Research and Application of Rock Typing Using Deep Learning in Prediction of Carbonate Reservoirs of H Oilfield, Iraq
The loss of some important logging data especially lithology data in old oilfields and huge cost in manpower and material on drilling and coring have brought great difficulties to the development of oilfields. A new method using deep learning for rock typing is achieved to classify and count the limited logging data, establish appropriate pore-permeability (PP) relationship and reduce the risk of reservoir prediction, which provides a concise and effective way for carbonate rock prediction.
In allusion to the existed problems, the paper collects, ranks the correlation between rock types and conventional logging data, which establishes a neural network model based on deep learning, divides the carbonate reservoirs into 4 types, and estimates the pore-permeability relationship for each type. Finally, a pore-permeability cloud simulation was performed based on the geo-statistical inversion to set up a high-precision reservoir static model with perfect well-seismic tie. The reliable permeability property can be obtained which helps to accurately depict the spatial distribution of the reservoirs.
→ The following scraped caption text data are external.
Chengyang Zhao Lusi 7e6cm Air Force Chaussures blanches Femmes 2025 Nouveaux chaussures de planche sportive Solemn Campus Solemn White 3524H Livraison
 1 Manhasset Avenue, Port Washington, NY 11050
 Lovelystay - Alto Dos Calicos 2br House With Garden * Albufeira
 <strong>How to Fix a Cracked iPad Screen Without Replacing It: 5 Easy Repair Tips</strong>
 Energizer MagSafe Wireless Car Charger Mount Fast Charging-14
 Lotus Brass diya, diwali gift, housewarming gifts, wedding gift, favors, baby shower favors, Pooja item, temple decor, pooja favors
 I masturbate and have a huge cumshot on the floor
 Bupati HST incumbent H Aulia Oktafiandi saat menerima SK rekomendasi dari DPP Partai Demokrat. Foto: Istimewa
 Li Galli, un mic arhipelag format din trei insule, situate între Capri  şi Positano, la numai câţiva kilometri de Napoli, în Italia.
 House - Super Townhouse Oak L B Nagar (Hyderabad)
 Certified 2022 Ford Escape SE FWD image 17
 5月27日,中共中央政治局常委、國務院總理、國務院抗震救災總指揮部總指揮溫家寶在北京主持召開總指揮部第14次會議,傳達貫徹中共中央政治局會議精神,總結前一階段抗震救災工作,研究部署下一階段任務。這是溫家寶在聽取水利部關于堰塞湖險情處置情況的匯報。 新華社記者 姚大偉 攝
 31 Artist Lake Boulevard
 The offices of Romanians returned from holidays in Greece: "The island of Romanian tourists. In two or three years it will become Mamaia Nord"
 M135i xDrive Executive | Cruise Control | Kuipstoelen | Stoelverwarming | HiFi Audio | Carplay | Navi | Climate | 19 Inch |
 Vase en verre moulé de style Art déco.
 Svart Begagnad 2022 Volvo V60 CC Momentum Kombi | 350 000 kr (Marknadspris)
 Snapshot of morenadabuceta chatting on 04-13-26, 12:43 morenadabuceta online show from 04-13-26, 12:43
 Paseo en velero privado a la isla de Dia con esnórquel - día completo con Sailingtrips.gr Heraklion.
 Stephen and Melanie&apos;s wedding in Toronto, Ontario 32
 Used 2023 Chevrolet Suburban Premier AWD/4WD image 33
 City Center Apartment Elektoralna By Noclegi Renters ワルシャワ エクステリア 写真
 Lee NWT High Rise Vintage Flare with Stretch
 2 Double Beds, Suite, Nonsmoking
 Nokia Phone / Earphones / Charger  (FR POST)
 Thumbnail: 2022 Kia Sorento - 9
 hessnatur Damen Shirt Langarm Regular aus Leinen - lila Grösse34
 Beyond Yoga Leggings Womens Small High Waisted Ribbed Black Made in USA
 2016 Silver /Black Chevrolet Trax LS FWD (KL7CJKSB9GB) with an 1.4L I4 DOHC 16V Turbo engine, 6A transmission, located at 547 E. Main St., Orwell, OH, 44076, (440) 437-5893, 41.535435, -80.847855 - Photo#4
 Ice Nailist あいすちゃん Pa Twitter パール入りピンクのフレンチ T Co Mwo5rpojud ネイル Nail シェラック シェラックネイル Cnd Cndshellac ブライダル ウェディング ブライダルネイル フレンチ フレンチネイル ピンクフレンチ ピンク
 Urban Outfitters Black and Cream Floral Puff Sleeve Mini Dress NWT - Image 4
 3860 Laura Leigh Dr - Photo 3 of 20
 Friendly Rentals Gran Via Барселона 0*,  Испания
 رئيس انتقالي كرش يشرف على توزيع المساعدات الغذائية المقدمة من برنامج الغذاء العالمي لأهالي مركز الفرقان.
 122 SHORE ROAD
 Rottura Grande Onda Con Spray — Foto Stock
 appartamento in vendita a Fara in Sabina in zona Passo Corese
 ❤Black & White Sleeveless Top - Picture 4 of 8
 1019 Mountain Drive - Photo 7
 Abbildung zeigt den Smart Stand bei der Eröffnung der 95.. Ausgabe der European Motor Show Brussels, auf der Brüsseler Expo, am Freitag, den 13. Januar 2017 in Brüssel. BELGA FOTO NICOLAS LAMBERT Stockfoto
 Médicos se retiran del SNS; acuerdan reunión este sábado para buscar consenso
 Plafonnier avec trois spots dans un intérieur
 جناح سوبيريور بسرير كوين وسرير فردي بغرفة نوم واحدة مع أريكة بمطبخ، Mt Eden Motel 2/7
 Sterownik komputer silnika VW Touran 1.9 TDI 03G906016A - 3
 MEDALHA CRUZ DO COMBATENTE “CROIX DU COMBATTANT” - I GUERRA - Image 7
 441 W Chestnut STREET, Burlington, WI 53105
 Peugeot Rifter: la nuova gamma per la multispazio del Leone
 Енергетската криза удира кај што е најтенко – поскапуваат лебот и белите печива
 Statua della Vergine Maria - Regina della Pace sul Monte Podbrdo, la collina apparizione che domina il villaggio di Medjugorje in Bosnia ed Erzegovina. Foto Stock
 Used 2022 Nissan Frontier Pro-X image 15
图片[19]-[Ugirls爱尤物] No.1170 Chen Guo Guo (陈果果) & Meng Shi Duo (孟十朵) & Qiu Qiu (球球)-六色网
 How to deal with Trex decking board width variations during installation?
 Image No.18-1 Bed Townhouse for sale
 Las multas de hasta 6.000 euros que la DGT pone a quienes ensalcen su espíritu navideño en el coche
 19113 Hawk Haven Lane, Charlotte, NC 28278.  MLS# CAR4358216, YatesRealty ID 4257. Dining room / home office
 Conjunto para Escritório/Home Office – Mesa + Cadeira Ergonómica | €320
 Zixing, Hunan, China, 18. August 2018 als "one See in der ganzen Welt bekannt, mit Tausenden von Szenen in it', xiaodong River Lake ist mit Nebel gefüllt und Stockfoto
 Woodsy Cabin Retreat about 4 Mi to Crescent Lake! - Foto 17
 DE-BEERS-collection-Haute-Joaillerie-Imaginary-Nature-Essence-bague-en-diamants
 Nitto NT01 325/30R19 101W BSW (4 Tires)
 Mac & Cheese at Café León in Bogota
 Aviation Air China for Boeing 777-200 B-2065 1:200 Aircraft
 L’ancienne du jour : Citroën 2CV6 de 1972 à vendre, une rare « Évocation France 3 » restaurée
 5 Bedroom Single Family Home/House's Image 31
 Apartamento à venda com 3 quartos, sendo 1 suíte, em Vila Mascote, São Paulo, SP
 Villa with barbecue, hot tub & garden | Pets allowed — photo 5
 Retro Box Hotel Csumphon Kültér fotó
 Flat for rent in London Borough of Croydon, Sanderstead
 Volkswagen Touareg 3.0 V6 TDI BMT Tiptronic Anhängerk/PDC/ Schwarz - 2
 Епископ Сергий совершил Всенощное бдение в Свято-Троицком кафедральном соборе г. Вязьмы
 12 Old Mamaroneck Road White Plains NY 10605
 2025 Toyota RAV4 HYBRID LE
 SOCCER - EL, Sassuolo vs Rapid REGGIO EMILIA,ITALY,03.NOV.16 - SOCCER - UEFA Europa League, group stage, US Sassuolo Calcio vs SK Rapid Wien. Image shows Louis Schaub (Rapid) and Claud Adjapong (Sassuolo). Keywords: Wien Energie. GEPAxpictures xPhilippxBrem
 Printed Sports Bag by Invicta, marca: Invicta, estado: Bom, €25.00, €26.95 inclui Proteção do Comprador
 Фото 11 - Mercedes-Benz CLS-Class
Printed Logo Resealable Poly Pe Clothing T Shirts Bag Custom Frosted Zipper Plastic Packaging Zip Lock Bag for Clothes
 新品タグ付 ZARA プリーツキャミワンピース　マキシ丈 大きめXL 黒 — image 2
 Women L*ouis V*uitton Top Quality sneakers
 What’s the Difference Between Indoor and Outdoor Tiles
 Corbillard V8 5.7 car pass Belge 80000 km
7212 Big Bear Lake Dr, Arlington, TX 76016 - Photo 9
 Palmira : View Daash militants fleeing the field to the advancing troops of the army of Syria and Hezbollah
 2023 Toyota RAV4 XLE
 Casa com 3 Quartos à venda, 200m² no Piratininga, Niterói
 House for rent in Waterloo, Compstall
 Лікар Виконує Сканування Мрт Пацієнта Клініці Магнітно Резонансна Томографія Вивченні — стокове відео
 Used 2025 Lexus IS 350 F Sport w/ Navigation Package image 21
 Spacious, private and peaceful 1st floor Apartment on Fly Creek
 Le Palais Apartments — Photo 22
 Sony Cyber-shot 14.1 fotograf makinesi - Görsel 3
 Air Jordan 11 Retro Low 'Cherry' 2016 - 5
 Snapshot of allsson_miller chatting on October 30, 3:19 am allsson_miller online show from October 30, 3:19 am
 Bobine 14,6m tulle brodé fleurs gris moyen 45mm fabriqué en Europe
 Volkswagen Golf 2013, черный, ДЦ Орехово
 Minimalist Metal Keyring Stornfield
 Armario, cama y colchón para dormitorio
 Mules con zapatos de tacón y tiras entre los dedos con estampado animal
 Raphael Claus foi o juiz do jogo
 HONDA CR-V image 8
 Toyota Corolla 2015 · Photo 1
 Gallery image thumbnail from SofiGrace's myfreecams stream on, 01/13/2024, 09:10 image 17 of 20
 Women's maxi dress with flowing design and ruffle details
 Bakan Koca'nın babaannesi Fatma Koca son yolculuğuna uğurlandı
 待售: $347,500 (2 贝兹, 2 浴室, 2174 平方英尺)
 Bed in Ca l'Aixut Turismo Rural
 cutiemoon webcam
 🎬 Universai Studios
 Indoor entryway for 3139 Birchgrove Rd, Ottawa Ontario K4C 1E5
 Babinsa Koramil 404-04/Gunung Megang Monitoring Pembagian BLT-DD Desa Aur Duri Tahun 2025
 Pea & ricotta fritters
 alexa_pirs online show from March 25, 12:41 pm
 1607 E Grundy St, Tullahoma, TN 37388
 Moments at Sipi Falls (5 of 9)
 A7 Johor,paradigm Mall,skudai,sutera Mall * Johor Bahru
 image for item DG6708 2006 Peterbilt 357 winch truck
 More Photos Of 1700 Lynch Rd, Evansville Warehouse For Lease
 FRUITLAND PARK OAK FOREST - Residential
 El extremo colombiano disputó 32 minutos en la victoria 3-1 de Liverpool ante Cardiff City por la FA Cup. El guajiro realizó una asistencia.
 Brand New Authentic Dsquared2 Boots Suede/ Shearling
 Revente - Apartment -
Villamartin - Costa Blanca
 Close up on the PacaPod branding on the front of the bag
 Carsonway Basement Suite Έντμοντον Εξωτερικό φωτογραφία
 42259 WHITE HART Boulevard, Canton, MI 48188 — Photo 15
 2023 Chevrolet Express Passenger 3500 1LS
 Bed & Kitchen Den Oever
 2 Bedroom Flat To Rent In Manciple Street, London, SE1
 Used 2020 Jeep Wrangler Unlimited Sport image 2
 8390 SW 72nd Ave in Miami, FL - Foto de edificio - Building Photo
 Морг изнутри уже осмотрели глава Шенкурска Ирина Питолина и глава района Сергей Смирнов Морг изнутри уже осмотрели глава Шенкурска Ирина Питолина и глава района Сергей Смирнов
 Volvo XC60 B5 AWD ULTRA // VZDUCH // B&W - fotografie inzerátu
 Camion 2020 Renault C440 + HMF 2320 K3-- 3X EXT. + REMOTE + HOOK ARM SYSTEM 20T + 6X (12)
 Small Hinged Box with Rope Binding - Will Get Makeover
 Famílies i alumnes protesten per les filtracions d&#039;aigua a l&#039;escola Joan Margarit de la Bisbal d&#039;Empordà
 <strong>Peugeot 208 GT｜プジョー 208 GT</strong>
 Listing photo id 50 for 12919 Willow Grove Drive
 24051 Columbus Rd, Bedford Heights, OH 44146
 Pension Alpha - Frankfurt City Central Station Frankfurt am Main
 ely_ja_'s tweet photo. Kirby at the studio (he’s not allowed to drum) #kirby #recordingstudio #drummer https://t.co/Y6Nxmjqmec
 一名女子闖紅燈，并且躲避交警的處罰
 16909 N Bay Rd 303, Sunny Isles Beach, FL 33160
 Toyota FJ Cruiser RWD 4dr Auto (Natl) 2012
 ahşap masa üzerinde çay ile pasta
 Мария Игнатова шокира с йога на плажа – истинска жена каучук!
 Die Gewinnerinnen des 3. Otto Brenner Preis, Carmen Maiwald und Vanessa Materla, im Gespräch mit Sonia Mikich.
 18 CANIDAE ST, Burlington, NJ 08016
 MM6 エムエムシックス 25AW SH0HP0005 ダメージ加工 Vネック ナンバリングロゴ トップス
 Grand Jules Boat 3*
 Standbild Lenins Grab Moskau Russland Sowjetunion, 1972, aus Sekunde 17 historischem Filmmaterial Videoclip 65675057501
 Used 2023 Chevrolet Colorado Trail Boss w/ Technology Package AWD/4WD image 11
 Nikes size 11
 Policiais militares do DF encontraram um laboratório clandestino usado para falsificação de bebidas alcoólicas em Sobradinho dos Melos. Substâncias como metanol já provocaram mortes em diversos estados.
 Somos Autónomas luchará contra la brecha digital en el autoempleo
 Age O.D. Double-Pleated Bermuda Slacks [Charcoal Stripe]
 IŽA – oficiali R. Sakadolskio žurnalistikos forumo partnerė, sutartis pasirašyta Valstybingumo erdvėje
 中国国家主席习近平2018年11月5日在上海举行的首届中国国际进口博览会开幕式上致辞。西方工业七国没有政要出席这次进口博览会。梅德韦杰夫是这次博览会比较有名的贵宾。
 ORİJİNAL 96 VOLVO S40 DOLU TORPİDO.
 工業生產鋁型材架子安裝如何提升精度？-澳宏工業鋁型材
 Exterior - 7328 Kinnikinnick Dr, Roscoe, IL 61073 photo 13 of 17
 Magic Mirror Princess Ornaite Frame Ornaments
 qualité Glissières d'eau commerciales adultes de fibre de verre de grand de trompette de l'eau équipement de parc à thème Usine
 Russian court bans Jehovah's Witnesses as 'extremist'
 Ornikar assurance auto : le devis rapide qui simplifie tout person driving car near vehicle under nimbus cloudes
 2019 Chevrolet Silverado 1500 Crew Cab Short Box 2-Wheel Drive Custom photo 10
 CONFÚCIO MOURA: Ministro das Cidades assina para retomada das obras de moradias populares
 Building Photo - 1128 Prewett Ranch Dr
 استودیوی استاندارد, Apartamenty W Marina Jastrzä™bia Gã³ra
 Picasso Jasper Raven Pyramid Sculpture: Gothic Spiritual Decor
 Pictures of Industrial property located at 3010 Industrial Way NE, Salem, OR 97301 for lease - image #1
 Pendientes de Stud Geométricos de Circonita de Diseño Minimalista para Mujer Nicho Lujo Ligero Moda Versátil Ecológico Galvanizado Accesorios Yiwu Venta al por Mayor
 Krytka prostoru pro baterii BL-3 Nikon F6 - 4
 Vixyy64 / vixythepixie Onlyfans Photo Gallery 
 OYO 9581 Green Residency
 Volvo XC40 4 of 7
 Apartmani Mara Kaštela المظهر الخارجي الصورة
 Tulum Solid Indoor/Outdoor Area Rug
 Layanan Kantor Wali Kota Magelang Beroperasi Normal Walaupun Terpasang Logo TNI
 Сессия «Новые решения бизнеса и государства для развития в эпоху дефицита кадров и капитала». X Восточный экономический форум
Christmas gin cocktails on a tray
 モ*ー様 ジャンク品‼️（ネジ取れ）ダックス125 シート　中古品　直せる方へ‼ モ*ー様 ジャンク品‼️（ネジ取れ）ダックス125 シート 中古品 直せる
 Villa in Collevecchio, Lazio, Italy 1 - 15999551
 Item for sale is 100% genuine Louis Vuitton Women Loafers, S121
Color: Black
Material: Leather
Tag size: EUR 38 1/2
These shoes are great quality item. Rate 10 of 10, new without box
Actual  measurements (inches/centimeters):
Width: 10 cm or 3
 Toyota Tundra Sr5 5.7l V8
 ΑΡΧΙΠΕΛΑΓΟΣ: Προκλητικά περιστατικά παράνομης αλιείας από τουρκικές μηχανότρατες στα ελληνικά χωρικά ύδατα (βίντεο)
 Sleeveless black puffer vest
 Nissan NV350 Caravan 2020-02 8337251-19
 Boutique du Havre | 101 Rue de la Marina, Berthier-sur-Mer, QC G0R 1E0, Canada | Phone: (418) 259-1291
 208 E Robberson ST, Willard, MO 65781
The carbonate reservoir of M formation for H oilfield in the Middle East is of complex pore structure with strong heterogeneity and poor relationship of the pore-permeability (PP). The logs DT, GR, Density, Porosity as the input features of deep learning is optimized to train neural network models, which are applied to the sample for testing and verification. The sample tests from the optimized neural network model are as accurate as 86.8%. The results show that rock typing using deep learning and well logs found a non-linear mapping relationship which effectively and reasonably divided the carbonate reservoirs into 4 types. The geological statistics and stochastic simulation in geo-statistical inversion organically combine seismic information with rich reservoir parameters such as porosity, rock typing, permeability and so forth. The permeability inversion result is highly consistent with the drilling data, which means the reservoir distribution patterns and regularity have been greatly improved, the local characteristics of the reservoir have been described more detailed and accurate.
The paper establishes and optimizes a neural network model based on deep learning which extends the divided rock typing to the whole oilfield. The estimated permeability as new pore-permeability relationship was applied to the geo-statistical inversion, which achieved the high-resolution spatial prediction of reservoir parameters and satisfied the fine reservoir characterization. It reduces the huge cost on drilling and coring, also provides a concise and effective approach to improve the reservoir estimation and production efficiency.